Edited on Fri Jul-10-09 01:26 AM by Oregone
Was a finite breakdown.

Look, the reform isn't going to be tax-funded and socialized. It still going to be people buying private plans, paying co-pays, and having deductibles. While I appreciate and largely agree with what most people mentioned about free health care and such, things are not headed that route whatsoever.

Therefore, there is still an individual costs factor to determine. So I was trying to figure out what could be reasonable to expect someone to pay yearly when you consider all those costs. Because in reality, reform or not, those costs will still exist.

For example:

< $10K - 0% of income a year
$10K to $20K - under 2.5% of income a year
$20K to $45K - under 5% of income a year
$45K to $90K - under 10% of income a year
beyond - under 15% of income a year

People earning those amounts could probably afford that chunk of their income maybe to personally spend on care/insurance, depending on their circumstance

Then, for each dependent, subtract like $5 K off their income to see if they fall into a different bracket or something.

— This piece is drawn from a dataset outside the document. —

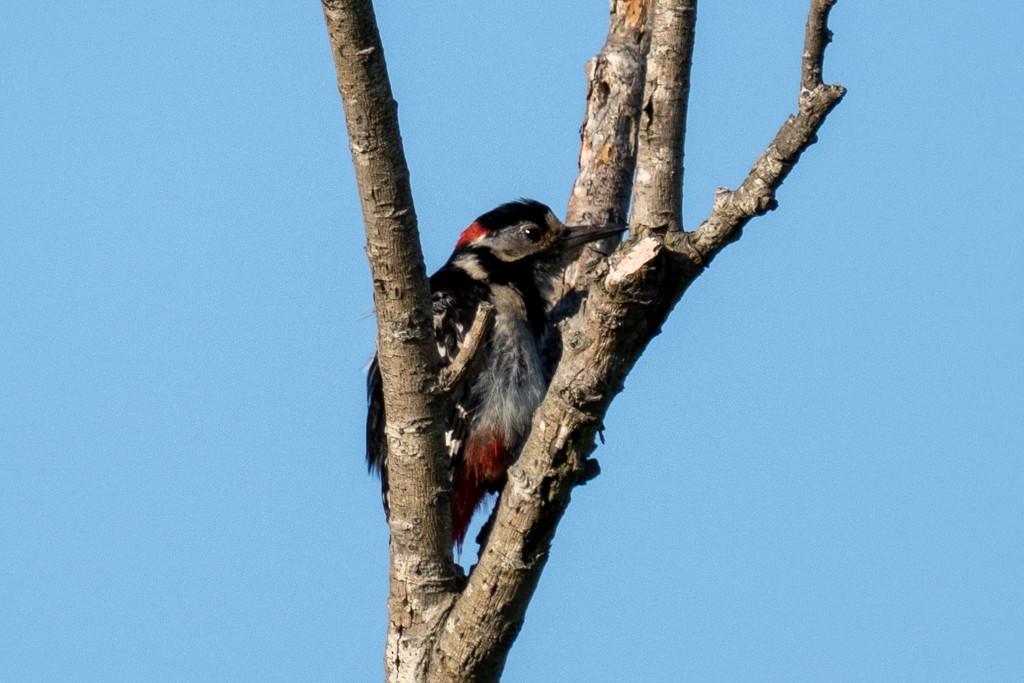 Great Spotted Woodpecker (japonicus) - ML620885199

People will be personally paying, whether it be in deductibles, premiums, or co-pays EVEN with the "public-option". They say the want to make it affordable. For people at certain income levels, what is the ceiling threshold people should be expect, in this system, to pay if it is supposed to target affordable levels?

While I understand this ceiling isn't going to be legislated (and I would talk more about that later), it should at least be questioned and examined.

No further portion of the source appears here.